Ce texte fixe donc les conditions de l’organisation d’un islam de France conforme à notre tradition démocratique. Pour une bonne part, il ratifie un état de fait d’une majorité de musulmans, ce qui va tout de même mieux en le disant et en l’explicitant. En revanche, par rapport aux tendances djihadistes, il ne manque pas de courage et prend ses risques. Et pourtant, il ne fait pas l’objet d’un accueil enthousiaste, à part un article flamboyant de Kamel Daoud dans le Monde (ici), et il soulève méfiance et critiques de divers bords.

Il y a tout d’abord celles et ceux qui constatent que cette charte n’est pas rédigée de façon spontanée et répond à une demande pressante du président de la République, ce qui pourrait altérer son caractère de liberté et d’authenticité.
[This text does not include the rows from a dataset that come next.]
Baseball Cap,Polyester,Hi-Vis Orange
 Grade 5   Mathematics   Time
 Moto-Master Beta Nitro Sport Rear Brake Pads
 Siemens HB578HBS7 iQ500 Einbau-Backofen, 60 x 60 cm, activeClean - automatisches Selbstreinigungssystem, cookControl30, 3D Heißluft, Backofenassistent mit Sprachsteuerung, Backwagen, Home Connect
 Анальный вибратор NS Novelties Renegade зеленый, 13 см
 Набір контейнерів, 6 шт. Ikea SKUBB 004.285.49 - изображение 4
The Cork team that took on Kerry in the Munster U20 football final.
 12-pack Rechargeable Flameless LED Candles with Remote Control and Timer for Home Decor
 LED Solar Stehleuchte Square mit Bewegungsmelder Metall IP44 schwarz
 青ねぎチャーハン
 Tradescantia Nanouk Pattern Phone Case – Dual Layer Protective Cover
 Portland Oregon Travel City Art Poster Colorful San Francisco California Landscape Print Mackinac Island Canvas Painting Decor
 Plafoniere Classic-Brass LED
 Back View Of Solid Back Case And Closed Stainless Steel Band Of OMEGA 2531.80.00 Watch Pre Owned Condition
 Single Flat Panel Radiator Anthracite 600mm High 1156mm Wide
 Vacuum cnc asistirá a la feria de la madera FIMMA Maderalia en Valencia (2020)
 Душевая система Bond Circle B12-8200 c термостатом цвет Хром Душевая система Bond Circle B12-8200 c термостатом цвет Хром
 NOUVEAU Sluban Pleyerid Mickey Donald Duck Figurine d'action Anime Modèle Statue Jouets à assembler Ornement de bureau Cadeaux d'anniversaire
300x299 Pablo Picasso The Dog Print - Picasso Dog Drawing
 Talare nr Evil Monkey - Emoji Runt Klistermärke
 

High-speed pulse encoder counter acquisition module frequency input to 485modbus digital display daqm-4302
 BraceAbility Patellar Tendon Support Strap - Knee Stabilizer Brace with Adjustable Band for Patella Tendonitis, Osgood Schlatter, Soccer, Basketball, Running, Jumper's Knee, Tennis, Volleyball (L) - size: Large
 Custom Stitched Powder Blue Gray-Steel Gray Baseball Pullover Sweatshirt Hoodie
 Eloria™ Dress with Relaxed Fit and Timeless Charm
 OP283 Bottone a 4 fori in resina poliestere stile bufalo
Peut-être. Mais ce qui est signé est signé, un texte est un texte, et « les signataires sont conscients que cette charte les engage conjointement et solidairement (article 10).

Un effort pour organiser l’islam de France est-il contraire au principe de séparation de l’Église et de l’État de la loi de 1905 ? Il faut ici rappeler que cette loi contient aussi des principes d’organisation qui s’imposent aux Églises et notamment un titre V de 11 articles consacré à la police des cultes. Ce n’est pas la formule préconisée à l’époque par Clémenceau, le divorce pur et simple, qui a été retenue ; et certains chercheurs parlent de « discordat » par symétrie avec le concordat de 1802, pour caractériser la laïcité française, plus complexe que l’idée commune que l’on en a souvent.

Cette charte n’est signée que par une partie du CFCM, tandis que celui-ci est déjà peu représentatif du monde des 2500 mosquées, une faible partie d’entre elles ayant réellement participé aux élections, et la base n’ayant pas été consultée. Cela serait donc un texte purement déclaratif fonctionnant pour les problèmes d’organisation, mais n’engageant pas véritablement les fidèles. Il y a là, à l’évidence, un enjeu important. La Charte des principes, en son préambule, parle de « valeurs à transmettre aux fidèles et à partager avec eux ». Mais ce travail, car c’en est un, de transmission et de partage sera-t-il fait, et comment ? Cette question reste ouverte. Pour l’instant, le CFCM doit consulter ses instances régionales, la Charte pouvant encore être amendée. Mais cela ne suffira sans doute pas à toucher l’ensemble des fidèles. Il y a sûrement, pour le monde musulman, une formule à rechercher et à inventer pour diffuser, interpeller et débattre en son sein.

Il a été également été remarqué que les fédérations signataires sont très liées à des États étrangers, alors que la charte vise à réduire ce type de financements ; il y a donc là une contradiction apparente à résoudre.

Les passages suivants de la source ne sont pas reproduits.